The Census Bureau reported new home sales for June at a seasonally adjusted annual rate of 776,000. That was a 13.8% jump from May sales and a 6.9% increase compared to June 2019. This was far better than June existing home sales reported by the National Association of Realtors this week which were still down 11.3% compared to the same time a year ago.
According to Census estimates for June, median and average new home prices rose to $329,200 and $384,700 respectively. Both figures are sharp increases from May, and even June 2019. The non seasonally adjusted numbers for inventory show an 18 percent drop in new home inventory in June with 4.1 months of supply. The combination of shrinking inventories and record low mortgage rates continues to provide lift to the new home market.
Updated NTREIS trends stats show a 28 percent increase in new home sales for the DFW area. The closest comparison for the Census new home numbers would be pending sales (aka contracts). Pending sales of new construction in DFW were up 51 percent during the month of June! Builders have been taking it to the bank by focusing on more affordable homes. Even though the median and average price of new construction was slightly negative for June, the median and average price per square foot hit new record highs. With limited options in the resale market, buyers have been bidding up the prices of smaller new homes. With the summer surge, months of inventory for new homes in the DFW area is down to just 2.9 months of supply. The summer’s feast on new home construction could quickly turn into a headwind, however.

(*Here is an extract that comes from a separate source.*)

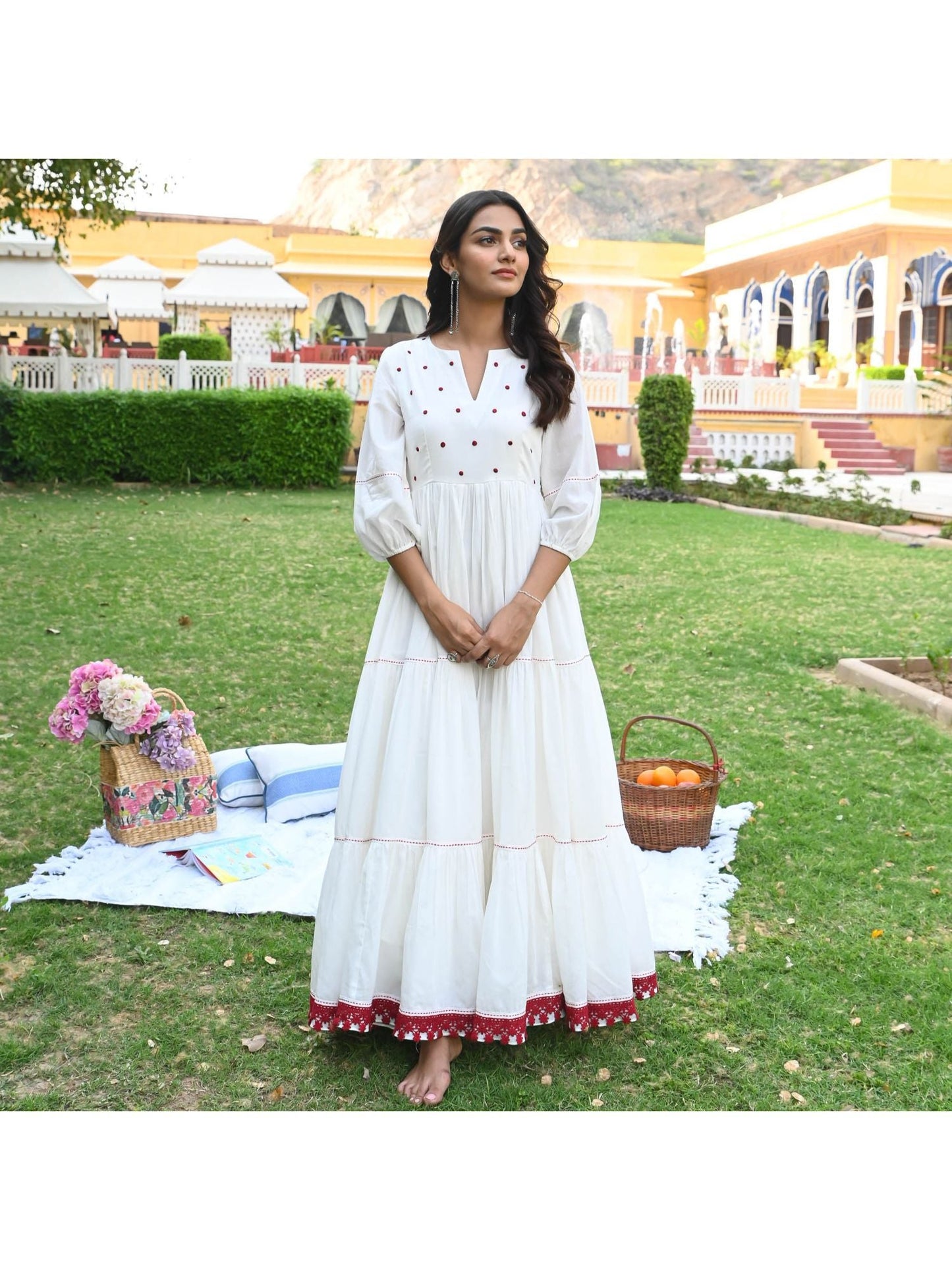 Urbanstree White Raving Maxi Dress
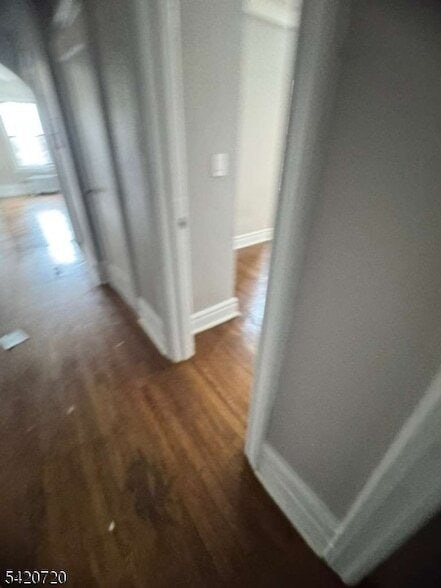 Building Photo - 112 Lincoln St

The biggest obstacle lying in wait is likely the diminished supply of affordable homes. That and the 31 million Americans who are currently depending on either state or federal unemployment assistance. The media continues to misreport the real unemployment levels, relying on the headline statistics including only the state unemployment figures. If Congress does not approve additional pandemic stimulus soon, that misreporting will become more apparent. The latest weekly unemployment claims figure actually rose to 1.41 million, marking the 18th consecutive week of unemployment claims topping a million.
The Fed’s latest balance sheet stands at $6.96 trillion, and poised to grow even larger with Congress hashing out the terms of a 2nd pandemic stimulus package. At this point the Fed’s only choice is to print more money or watch the recovery come unraveled.
The U.S. budget deficit for just the month of June was a staggering $864 billion… for a single month!